Additionally, they were evaluated on their ability to prepare sophisticated figures to demonstrate a solid understanding of the financial requirements associated with a new venture.
The teams also had to impress potential investors with a real opportunity.
Lastly, they had to endure a 15-minute grilling by judges. Students were expected to show concision and accuracy while answering questions and maintain their poise.
The innovative business propositions included building underwater robots, a nutraceutical product for developing brain cells and an electronic travel device with multilingual, interactive, visual and audio tour information of the mainland.
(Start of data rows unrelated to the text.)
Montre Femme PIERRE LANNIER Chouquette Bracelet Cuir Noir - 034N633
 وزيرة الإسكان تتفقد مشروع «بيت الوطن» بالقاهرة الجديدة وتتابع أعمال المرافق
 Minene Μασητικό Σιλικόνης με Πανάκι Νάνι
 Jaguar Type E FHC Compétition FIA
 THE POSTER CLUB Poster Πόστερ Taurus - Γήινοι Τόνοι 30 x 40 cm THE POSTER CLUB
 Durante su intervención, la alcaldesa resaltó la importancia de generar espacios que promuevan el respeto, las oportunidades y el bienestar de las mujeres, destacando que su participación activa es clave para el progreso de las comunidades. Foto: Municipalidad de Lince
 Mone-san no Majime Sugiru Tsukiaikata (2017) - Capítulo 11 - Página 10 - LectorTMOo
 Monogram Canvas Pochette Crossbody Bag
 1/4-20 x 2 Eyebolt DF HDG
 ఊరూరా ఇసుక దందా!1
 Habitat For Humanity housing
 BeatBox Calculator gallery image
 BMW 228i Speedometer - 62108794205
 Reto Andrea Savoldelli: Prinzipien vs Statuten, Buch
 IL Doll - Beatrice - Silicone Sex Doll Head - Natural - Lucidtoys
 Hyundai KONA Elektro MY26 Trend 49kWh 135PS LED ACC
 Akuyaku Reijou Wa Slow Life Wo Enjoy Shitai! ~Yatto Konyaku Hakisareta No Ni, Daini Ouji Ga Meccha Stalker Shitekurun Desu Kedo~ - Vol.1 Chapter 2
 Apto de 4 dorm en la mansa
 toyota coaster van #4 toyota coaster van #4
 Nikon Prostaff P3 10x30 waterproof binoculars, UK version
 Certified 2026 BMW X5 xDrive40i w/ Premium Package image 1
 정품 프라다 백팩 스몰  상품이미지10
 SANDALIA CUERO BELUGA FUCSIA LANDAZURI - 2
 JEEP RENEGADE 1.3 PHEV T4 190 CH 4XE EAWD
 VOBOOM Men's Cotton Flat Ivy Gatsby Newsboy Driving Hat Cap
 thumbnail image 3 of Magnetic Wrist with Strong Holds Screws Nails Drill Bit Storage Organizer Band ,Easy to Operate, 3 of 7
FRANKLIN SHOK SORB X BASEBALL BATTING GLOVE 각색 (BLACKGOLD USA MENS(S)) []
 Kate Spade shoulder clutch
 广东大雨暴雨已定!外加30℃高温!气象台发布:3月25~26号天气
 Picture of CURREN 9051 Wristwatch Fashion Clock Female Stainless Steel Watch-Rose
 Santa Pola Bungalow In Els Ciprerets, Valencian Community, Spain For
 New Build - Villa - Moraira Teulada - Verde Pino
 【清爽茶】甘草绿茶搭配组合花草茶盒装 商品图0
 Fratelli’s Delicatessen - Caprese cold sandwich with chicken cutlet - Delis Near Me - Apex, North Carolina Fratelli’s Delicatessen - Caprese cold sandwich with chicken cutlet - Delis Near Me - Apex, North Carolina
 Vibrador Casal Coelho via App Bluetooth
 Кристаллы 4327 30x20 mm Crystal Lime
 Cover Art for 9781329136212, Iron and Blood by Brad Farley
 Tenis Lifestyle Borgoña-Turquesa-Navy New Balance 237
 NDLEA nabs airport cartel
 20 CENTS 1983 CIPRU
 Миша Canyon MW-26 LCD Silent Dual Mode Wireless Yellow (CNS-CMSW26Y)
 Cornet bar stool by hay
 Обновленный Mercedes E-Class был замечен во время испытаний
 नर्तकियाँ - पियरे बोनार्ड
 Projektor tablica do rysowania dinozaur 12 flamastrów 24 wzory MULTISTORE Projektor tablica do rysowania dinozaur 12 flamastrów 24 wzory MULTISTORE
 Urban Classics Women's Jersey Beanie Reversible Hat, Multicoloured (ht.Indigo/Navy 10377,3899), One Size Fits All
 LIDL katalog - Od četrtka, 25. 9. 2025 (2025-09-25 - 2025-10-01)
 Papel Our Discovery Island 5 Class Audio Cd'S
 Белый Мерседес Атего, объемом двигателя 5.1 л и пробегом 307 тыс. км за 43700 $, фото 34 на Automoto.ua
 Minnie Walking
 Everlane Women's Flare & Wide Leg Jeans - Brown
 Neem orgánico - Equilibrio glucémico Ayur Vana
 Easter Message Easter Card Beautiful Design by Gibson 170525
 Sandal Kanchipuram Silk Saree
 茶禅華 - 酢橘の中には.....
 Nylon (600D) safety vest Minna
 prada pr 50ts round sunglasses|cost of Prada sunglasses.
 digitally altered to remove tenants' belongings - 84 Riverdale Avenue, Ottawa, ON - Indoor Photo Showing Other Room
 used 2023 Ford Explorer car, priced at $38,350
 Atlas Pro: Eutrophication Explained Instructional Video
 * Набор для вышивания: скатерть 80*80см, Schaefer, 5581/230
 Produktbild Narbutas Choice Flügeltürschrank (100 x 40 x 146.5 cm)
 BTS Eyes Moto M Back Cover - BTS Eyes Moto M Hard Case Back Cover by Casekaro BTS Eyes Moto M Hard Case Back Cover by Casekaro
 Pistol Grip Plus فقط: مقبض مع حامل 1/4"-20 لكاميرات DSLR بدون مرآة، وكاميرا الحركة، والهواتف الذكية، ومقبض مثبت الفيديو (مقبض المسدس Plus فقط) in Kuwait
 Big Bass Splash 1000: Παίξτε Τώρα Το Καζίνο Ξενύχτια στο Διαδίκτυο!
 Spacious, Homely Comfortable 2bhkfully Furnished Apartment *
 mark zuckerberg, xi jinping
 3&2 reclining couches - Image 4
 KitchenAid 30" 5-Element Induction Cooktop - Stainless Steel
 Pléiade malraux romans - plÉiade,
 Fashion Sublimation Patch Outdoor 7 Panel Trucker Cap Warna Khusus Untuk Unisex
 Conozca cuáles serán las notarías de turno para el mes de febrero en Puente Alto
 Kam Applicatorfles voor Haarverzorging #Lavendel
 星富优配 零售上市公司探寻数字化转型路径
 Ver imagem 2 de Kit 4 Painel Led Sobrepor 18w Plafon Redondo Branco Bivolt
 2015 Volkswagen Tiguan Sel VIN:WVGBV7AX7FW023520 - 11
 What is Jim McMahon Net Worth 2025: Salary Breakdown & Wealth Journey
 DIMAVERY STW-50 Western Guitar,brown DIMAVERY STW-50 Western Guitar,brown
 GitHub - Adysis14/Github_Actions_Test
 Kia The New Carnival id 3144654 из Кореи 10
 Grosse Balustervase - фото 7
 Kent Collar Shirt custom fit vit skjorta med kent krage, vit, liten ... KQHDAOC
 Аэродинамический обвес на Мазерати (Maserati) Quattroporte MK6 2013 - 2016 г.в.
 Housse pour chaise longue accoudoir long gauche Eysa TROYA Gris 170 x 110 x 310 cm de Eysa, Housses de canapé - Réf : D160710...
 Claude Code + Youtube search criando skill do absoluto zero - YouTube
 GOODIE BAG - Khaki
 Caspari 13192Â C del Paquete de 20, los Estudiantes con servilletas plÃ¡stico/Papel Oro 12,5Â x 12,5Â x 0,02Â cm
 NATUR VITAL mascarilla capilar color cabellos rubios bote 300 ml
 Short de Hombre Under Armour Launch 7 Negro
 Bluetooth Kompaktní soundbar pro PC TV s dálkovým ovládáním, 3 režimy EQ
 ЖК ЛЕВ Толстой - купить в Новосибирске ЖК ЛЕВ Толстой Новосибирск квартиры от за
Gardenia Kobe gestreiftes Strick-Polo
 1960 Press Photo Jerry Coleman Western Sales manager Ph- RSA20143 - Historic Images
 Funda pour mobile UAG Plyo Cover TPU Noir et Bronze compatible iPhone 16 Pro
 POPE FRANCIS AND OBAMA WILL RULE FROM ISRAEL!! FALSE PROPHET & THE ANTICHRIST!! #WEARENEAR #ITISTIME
However, biomedical products with new technologies dominated the event.
The competition champions, Nano Precision Medical, won US$10,000. Second place was taken by Audiollo, a joint team from the University of Michigan and the Georgia Institute of Technology, which won US$3,000.
The other two finalists were Parallel Imaging Corp from the University of Oregon and Clean India from the University of Virginia.
The trio behind Nano Precision Medical impressed the judges by turning their scientific understanding into what the judges deemed a profitable medical technology product. The students' novel technology, NanoFlow, was developed a year ago. It is a system that can deliver a precise amount of medicine for several diseases, including hepatitis C, significantly relieving the discomfort of treatment for the illnesses.
With a soft-spoken presentation, the team compellingly spelled out their business ideas.
'The international market for hepatitis C treatment is quite large,' Ms Peng said. 'A lot of people with hepatitis C are in China. It's really nice to have judges from other countries, especially Asia. We've gotten really useful advice in terms of the market here and licensing.'
Dr Nason said this year's competition was of the highest quality. 'It's also one of the highest quality competitions we've seen internationally. All of the teams have viable products, products that you can really take to market.'
He said Nano Precision Medical addressed a very compelling need. 'They have the patent; they can go forward with it. The team just felt very confident that they would be successful.'
Steven DeKrey, HKUST's MBA programme director and senior associate dean of the business school, said the university decided to run its own competition after sending students overseas to compete in similar events for a number of years.
'A business plan is about the totality of a business,' he said. When you write and present a business plan, you are actually covering the entire basis. We have found our students gaining a tremendous amount by focusing on a business plan. It's like running a business as a CEO.'
HKUST's MBA students were involved in running the competition, which was good leadership training in itself, he said.
The university's executive MBA programme, jointly organised with Kellogg School of Management at Northwestern University, was ranked No1 in the world by The Financial Times in 2007. HKUST's MBA programme was ranked 17th last year.